*** Data below
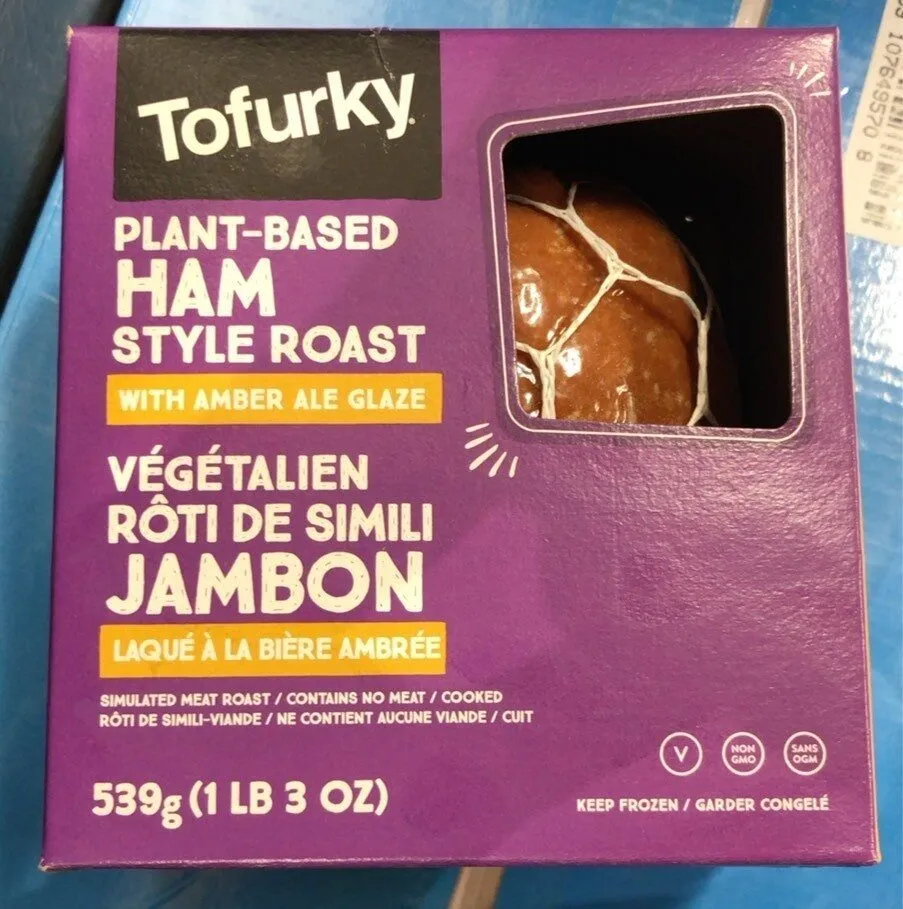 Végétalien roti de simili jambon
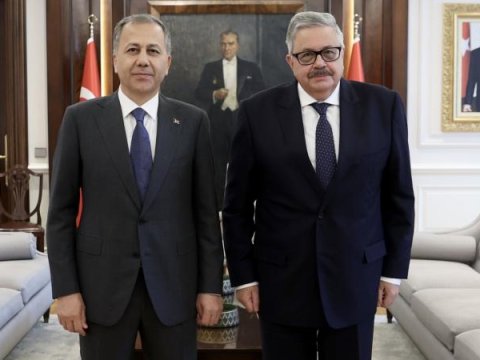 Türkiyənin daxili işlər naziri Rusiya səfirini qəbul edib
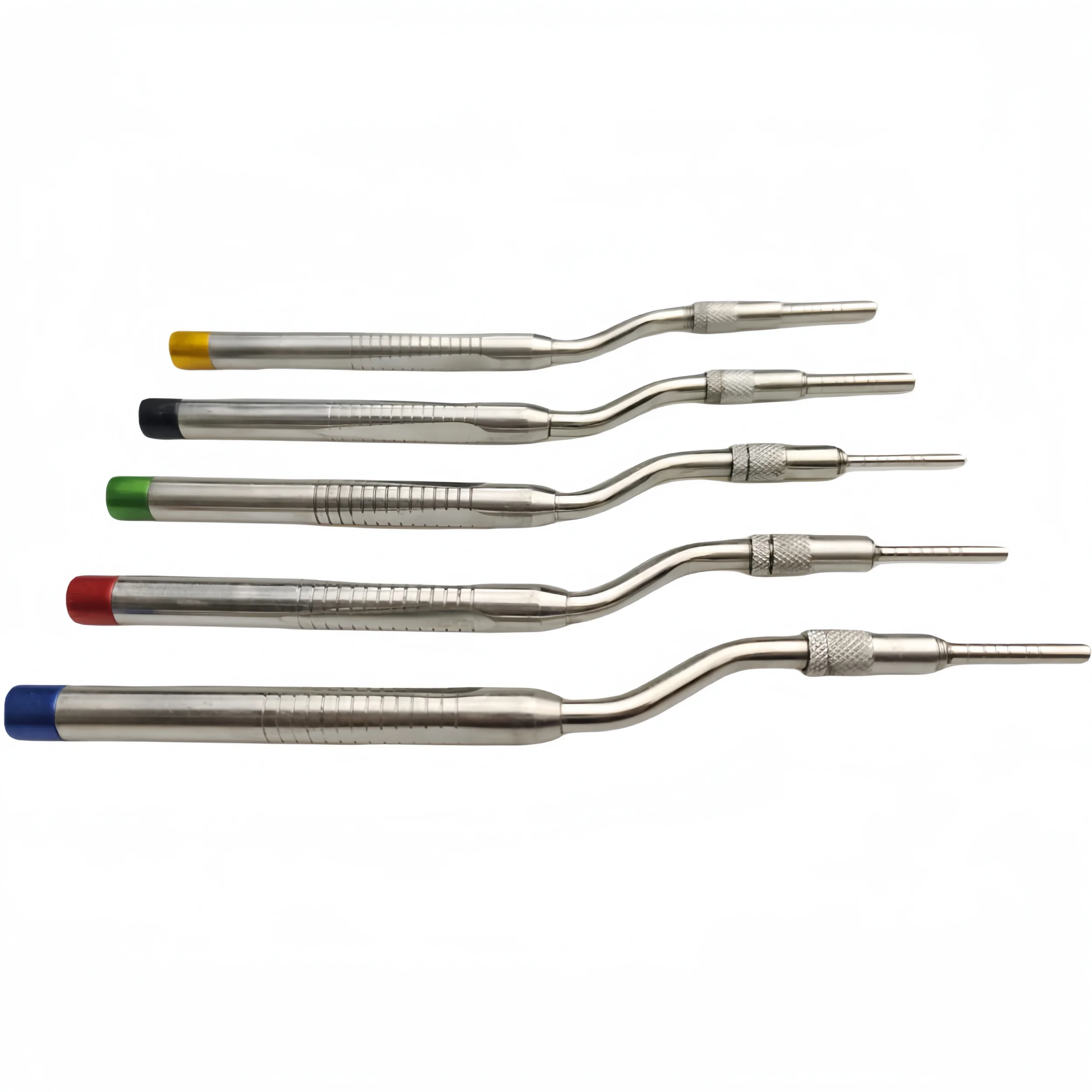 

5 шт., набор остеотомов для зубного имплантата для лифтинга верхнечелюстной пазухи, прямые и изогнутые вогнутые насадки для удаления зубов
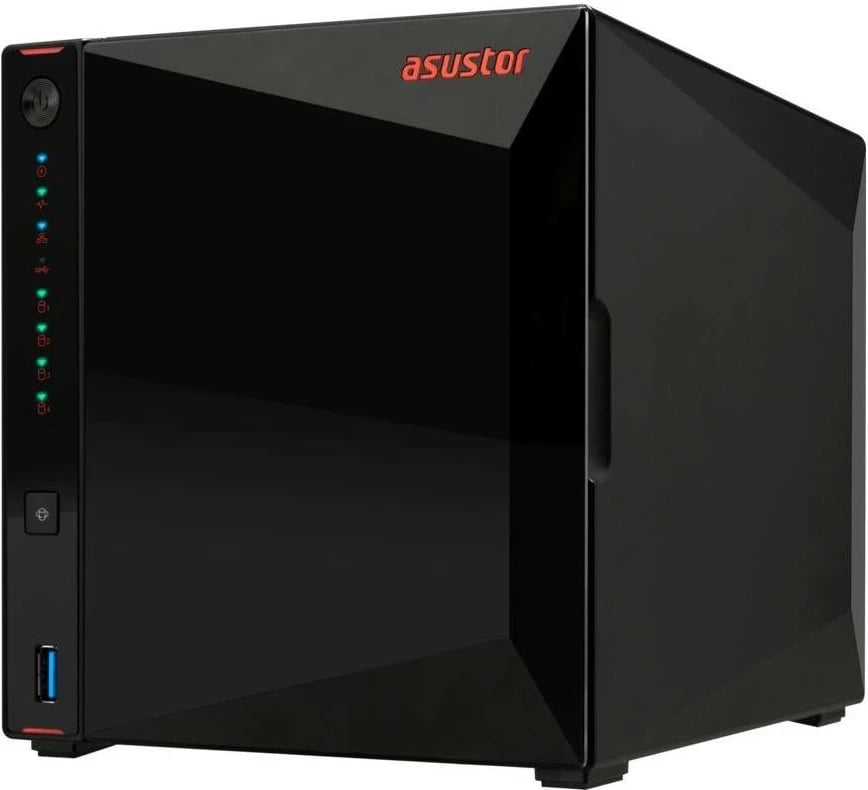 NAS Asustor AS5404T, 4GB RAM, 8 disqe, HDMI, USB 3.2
******
Assigned task:
Word for word, reproduce the listing above; no image should be carried over.

Result of the task:
 Végétalien roti de simili jambon
 Türkiyənin daxili işlər naziri Rusiya səfirini qəbul edib

5 шт., набор остеотомов для зубного имплантата для лифтинга верхнечелюстной пазухи, прямые и изогнутые вогнутые насадки для удаления зубов
 NAS Asustor AS5404T, 4GB RAM, 8 disqe, HDMI, USB 3.2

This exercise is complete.